France wants to facilitate the deportation of migrants without a residence permit and at the same time make it easier to hire foreign workers in sectors with a shortage of staff. "There is more hardship, (...) but also initiatives for regularization," Labor Minister Olivier Dussopt told the newspaper "Le Monde" (Wednesday edition).

France asked 122,000 migrants to leave the country last year. Only 17,000 of them left the country as part of a voluntary return or because they were deported. The low number of people leaving the country without a residence permit had become an issue in France in recent weeks after an Algerian woman who should have left the country was accused of killing a twelve-year-old.
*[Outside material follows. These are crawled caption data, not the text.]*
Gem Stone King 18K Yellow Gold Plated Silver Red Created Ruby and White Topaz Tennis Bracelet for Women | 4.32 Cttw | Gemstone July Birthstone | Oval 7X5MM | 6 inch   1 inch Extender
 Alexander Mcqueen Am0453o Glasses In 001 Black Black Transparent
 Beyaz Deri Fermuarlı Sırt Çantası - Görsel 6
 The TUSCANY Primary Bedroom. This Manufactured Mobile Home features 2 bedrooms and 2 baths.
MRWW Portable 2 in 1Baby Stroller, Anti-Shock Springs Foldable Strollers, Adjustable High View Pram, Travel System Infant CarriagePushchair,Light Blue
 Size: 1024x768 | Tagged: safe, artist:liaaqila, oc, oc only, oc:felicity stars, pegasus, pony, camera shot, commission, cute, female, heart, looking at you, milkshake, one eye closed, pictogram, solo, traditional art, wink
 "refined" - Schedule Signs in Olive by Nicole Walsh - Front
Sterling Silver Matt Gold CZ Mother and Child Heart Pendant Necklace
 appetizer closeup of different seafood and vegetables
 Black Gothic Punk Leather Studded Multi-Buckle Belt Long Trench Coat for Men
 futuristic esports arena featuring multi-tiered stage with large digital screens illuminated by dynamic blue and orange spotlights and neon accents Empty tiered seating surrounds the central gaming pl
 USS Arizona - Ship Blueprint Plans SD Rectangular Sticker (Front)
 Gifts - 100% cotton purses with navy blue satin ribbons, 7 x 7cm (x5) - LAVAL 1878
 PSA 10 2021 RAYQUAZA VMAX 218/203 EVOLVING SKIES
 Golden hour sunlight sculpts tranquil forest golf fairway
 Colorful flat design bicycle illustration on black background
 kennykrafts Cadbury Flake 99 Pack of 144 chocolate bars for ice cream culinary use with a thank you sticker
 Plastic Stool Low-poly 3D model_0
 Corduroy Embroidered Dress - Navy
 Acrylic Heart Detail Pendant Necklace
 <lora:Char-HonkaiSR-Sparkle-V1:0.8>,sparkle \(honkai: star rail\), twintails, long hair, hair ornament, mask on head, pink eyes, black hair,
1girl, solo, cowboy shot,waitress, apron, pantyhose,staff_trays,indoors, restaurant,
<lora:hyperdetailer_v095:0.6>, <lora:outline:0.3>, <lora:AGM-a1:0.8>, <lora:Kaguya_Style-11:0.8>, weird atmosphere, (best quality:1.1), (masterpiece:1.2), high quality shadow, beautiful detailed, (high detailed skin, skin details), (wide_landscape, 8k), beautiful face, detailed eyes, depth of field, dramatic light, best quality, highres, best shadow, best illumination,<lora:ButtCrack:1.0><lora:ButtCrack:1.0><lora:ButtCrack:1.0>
"In the future, we will register all migrants with an exit order as wanted persons," Interior Minister Gérard Darmanin announced in "Le Monde". This would make it easier to track which of them actually left France. “The prefect should make life impossible for them and ensure, for example, that they receive neither social benefits nor social housing. We're shifting into a harder gear," Darmanin said. He also wanted to limit the opportunities to appeal.

The basic ban on deportation for migrants who were younger than 13 when they arrived is said to be overturned. In the future, judges will decide on a case-by-case basis.

Asylum procedures are also to be further accelerated. “It sometimes takes two years before a person becomes deportable. That gives her time to find undeclared work and possibly have children," Darmanin said. The minister regretted that there were tens of thousands who were difficult to deport, even though they actually had a notice to leave the country. "We must not allow time for rights to arise that contradict the prefecture's legal decisions," Darmanin said.

Labor Minister Dussopt, for his part, announced a new residence permit for sectors with a shortage of staff. "It's about posts that are already occupied by undocumented migrants," Dussopt emphasized when addressing the right-wing populists of the Rassemblement National (RN), who are calling for French people to be given preference in principle when jobs are allocated.

Right-wing and right-wing populist opposition politicians immediately criticized the proposals as too liberal and announced that they would vote against them. "It amounts to mass regularization, that would be crazy," said Congressman Aurélien Pradié, who is running for the Conservative Republican party leadership. MEP Jean-Philippe Tanguy from the right-wing populist RN called for training “French unemployed” to be better than hiring migrants.

The bill is scheduled to be debated in the National Assembly in early 2023. President Emmanuel Macron only introduced an immigration law in 2019 that was intended to speed up the asylum process. Since Marine Le Pen's RN formed the largest opposition faction in the National Assembly in April, the issue of immigration has received increased attention.